Reducing the environmental impact of food products logistics systems
This thesis addresses how to reduce two types of environmental impact generated in logistics systems: transport’s impact on climate and food waste. In mitigating both these types of environmental impact, actors in food supply chains (FSC)—producers, wholesalers, and retailers—play important roles, for both causes of environmental impacts and improvement actions to moderate them emerge within their logistics systems. Therefore, the purpose of this research is to explore how actors in FSCs can reduce the environmental impact of their logistics systems in terms of both transport’s impact on climate and food waste. The research focuses on two aspects of FSCs that can affect those impacts and hinder the implementation of improvement actions to reduce them: FSC characteristics (e.g., shelf life and temperature regime), which create conditions for food logistics systems, and performance variables (e.g., requirements regarding lead times and flexibility), which can conflict with actors’ capacity to reduce environmental impacts in their logistics systems.

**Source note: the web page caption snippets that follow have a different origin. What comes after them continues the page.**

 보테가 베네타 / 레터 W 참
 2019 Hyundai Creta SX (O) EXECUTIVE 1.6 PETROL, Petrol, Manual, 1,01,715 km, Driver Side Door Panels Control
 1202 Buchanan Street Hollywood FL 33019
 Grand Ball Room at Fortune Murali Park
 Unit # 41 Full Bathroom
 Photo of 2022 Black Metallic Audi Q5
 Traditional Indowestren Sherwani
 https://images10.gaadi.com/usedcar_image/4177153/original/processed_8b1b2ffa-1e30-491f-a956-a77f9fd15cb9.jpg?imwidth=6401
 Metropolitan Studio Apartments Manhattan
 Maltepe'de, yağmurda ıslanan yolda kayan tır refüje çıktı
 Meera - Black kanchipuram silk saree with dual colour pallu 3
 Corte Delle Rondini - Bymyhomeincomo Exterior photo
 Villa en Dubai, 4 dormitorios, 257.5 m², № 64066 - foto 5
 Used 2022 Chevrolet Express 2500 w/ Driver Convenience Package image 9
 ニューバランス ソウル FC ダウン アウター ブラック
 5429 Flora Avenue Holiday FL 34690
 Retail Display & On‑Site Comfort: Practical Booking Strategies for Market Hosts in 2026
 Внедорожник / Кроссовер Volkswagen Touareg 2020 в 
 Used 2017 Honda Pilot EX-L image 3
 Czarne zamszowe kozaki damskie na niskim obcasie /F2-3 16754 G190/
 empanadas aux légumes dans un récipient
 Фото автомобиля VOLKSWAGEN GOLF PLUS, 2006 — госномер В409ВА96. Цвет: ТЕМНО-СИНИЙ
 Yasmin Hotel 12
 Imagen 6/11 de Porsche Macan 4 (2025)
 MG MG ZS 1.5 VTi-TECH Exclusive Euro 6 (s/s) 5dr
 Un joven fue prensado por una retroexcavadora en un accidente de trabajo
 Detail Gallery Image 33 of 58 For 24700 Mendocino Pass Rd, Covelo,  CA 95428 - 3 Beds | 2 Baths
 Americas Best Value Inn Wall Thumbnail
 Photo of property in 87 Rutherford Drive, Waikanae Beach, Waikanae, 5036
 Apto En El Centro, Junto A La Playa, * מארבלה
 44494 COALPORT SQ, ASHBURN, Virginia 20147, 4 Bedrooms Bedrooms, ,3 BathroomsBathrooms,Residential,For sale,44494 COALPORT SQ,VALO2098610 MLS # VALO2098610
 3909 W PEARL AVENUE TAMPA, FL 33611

The thesis is a compilation of five studies: (1) a review of how food logistics literature has addressed food products and actors in FSCs in logistics research; (2) a study of primary and industrial producers that identifies FSC characteristics that can be used to describe logistics systems; (3) a study of a wholesaler’s logistics system that proposes a framework for reducing transport’s impact on climate in light of flow characteristics including FSC characteristics; (4) a study of an industrial producer’s logistics system that proposes another framework, namely one for comparing improvement actions that can reduce transport’s impact on climate; and (5) a study of industrial producers, wholesalers, and retailers that identifies improvement actions that can reduce the amount of food waste. Empirical data collection for the thesis was performed with case studies.
The results highlight eight FSC characteristics, regarding both supply chain flow and products, which can be used to describe actors’ food products logistics systems. The results further clarify how those FSC characteristics and logistics performance variables influence the two types of environmental impact. To explain how actors in FSCs can reduce transport’s impact on climate, two frameworks are developed: one for evaluating shipments’ potential to lower transport’s impact on climate, and the other for selecting improvement actions that can efficiently mitigate that impact. By extension, the thesis next identifies, describes, and analyses nine improvement actions to reduce food waste. Lastly, the thesis compares the two types of environmental impact, first in terms of how the FSC characteristics influence them, and second how they can be reduced by different improvement actions.
The thesis contributes to the fields of green logistics and food logistics by explaining how FSC characteristics influence both types of environmental impact, as well as by analysing and comparing improvement actions in food logistics systems. Its contributions to management include frameworks that can help actors in FSCs to identify, evaluate, and create suitable conditions for improvement actions in their logistics systems.